# Work order
Output exactly, with nothing added, the entries from the first line through the line with "Copic - Alcohol".

# Source material
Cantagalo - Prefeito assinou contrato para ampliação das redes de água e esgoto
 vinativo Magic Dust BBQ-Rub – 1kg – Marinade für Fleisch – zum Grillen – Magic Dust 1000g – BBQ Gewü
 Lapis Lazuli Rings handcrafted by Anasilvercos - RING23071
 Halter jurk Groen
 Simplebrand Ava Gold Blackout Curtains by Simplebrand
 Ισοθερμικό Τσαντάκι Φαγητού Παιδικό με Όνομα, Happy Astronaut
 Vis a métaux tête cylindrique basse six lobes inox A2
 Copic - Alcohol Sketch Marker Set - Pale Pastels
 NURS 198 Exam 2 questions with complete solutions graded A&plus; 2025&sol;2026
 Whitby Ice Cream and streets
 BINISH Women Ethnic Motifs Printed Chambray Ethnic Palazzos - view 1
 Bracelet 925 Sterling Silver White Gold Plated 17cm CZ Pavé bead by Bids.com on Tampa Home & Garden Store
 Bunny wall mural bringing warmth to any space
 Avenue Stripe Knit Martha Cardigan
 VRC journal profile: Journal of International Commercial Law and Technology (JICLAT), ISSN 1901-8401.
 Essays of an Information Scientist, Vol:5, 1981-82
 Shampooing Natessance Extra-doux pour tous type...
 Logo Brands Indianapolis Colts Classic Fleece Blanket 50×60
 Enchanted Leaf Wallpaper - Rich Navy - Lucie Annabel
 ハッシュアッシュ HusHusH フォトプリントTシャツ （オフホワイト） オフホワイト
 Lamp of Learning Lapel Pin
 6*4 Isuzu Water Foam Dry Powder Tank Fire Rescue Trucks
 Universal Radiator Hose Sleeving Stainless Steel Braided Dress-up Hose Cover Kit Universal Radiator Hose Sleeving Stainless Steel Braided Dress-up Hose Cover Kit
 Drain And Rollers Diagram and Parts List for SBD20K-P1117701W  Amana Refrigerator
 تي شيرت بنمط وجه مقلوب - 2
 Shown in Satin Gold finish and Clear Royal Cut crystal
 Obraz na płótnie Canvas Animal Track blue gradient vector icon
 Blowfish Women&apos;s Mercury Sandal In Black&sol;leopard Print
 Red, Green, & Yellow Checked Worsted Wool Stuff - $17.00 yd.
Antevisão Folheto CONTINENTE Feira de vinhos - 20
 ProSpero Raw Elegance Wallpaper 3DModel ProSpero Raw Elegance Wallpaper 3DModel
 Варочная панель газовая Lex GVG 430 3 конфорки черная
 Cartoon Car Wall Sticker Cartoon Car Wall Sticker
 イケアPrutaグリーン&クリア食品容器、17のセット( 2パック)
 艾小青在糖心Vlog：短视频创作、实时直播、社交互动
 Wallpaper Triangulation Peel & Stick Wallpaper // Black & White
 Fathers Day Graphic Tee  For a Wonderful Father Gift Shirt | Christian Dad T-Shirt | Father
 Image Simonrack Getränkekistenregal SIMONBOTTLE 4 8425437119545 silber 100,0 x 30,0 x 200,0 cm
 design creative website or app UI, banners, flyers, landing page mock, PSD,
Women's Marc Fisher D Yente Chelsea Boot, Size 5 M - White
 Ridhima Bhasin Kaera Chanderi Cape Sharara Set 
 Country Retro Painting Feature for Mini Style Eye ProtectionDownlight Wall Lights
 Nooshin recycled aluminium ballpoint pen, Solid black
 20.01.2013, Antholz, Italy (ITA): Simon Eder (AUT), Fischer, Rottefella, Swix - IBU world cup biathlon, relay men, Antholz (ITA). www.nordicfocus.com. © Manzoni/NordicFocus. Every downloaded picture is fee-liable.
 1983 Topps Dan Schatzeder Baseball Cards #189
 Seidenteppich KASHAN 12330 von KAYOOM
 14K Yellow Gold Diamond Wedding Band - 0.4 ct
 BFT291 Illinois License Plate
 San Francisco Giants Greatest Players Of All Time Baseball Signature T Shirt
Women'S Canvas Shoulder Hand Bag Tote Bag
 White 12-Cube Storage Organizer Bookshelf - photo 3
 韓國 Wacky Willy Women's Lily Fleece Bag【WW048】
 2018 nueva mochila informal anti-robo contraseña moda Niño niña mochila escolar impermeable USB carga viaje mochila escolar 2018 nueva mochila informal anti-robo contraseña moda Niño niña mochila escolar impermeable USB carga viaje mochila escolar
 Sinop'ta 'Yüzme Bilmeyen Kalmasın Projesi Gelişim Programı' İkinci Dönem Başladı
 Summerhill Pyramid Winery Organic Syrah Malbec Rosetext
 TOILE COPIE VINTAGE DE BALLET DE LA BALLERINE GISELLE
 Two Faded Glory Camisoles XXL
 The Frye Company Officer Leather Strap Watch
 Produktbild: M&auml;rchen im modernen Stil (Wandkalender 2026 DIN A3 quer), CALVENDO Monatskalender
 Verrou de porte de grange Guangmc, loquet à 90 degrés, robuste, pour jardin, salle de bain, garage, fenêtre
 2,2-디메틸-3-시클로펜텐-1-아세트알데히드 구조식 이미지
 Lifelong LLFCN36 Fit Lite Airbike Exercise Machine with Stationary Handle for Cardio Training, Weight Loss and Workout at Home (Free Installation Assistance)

# Completed task
Cantagalo - Prefeito assinou contrato para ampliação das redes de água e esgoto
 vinativo Magic Dust BBQ-Rub – 1kg – Marinade für Fleisch – zum Grillen – Magic Dust 1000g – BBQ Gewü
 Lapis Lazuli Rings handcrafted by Anasilvercos - RING23071
 Halter jurk Groen
 Simplebrand Ava Gold Blackout Curtains by Simplebrand
 Ισοθερμικό Τσαντάκι Φαγητού Παιδικό με Όνομα, Happy Astronaut
 Vis a métaux tête cylindrique basse six lobes inox A2
 Copic - Alcohol Sketch Marker Set - Pale Pastels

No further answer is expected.